(Scraped caption text data)
::::::::::
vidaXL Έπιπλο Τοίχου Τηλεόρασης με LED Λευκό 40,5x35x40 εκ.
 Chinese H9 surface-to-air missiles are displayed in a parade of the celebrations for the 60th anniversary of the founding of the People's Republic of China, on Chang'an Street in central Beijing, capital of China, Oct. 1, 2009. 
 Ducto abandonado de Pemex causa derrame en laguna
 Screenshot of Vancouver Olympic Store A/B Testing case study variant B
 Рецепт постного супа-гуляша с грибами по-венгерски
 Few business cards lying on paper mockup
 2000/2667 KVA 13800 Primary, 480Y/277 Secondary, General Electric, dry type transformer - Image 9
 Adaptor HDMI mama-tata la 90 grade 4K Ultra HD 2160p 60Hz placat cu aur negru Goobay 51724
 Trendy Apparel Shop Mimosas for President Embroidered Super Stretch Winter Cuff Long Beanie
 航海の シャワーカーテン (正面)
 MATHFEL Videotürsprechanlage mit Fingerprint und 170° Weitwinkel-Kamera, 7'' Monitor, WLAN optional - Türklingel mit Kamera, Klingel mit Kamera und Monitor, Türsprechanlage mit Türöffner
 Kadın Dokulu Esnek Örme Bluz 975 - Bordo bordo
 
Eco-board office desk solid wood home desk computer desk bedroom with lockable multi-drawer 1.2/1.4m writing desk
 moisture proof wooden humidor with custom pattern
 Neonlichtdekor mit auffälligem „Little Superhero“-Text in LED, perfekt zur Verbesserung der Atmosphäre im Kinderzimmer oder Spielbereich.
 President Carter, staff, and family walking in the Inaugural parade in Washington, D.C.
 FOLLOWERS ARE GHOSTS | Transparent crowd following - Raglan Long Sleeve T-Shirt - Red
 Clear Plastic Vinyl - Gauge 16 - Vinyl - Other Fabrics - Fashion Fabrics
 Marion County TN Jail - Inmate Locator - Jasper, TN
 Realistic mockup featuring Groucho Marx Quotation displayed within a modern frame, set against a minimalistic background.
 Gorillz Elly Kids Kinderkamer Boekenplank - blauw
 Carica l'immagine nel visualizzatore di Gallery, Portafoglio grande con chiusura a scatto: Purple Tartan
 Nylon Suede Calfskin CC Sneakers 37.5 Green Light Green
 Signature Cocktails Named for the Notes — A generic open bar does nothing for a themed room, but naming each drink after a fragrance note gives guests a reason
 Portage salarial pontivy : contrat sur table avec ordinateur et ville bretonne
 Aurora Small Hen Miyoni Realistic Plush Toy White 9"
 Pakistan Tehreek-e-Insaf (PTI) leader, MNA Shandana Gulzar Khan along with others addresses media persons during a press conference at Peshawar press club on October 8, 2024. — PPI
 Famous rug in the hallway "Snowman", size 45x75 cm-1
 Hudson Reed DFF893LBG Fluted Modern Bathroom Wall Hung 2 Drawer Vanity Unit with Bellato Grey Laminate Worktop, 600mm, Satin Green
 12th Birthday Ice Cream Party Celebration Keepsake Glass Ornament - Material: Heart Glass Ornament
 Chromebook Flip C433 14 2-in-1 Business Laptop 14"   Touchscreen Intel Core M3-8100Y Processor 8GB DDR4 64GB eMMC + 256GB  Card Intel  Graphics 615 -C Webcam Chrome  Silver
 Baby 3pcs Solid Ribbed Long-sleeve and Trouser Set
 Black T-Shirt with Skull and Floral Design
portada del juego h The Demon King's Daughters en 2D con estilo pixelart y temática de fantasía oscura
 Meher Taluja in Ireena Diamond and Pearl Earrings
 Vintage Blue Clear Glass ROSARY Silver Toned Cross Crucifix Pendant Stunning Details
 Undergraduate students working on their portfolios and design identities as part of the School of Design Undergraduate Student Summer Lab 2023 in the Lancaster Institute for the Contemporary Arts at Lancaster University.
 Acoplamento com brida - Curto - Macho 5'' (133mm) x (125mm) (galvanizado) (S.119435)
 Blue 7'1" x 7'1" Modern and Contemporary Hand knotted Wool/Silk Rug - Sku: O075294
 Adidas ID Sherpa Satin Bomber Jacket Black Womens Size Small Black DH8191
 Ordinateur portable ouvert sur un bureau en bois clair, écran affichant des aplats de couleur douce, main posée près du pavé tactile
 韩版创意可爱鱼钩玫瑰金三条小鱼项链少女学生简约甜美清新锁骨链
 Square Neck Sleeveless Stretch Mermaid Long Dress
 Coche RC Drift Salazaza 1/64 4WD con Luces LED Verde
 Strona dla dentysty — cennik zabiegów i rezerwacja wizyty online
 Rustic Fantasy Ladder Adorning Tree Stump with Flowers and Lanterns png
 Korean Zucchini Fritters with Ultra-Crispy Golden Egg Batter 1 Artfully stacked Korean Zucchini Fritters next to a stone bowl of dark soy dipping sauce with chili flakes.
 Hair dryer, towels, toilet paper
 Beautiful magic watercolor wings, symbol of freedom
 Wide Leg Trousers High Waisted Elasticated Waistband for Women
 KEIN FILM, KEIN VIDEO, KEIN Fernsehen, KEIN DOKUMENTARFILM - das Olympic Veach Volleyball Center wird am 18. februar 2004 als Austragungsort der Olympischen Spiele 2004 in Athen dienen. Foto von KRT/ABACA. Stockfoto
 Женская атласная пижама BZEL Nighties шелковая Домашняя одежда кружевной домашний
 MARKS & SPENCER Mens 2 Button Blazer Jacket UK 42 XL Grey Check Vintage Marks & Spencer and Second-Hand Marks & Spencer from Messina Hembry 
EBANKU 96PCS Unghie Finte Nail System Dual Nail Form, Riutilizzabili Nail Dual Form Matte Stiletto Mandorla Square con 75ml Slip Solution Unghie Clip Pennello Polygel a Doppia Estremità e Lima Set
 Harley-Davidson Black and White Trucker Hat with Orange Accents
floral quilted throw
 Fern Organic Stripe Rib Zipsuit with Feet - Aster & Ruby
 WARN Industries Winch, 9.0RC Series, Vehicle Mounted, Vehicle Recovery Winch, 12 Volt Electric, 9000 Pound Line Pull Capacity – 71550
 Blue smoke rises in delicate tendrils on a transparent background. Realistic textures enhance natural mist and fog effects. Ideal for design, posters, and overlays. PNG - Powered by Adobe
::::::::::
--- To do ---
Starting at the first line of the records, print each line exactly, stopping after the line that contains "Screenshot of Vancouver".

--- Response to the exercise ---
vidaXL Έπιπλο Τοίχου Τηλεόρασης με LED Λευκό 40,5x35x40 εκ.
 Chinese H9 surface-to-air missiles are displayed in a parade of the celebrations for the 60th anniversary of the founding of the People's Republic of China, on Chang'an Street in central Beijing, capital of China, Oct. 1, 2009. 
 Ducto abandonado de Pemex causa derrame en laguna
 Screenshot of Vancouver Olympic Store A/B Testing case study variant B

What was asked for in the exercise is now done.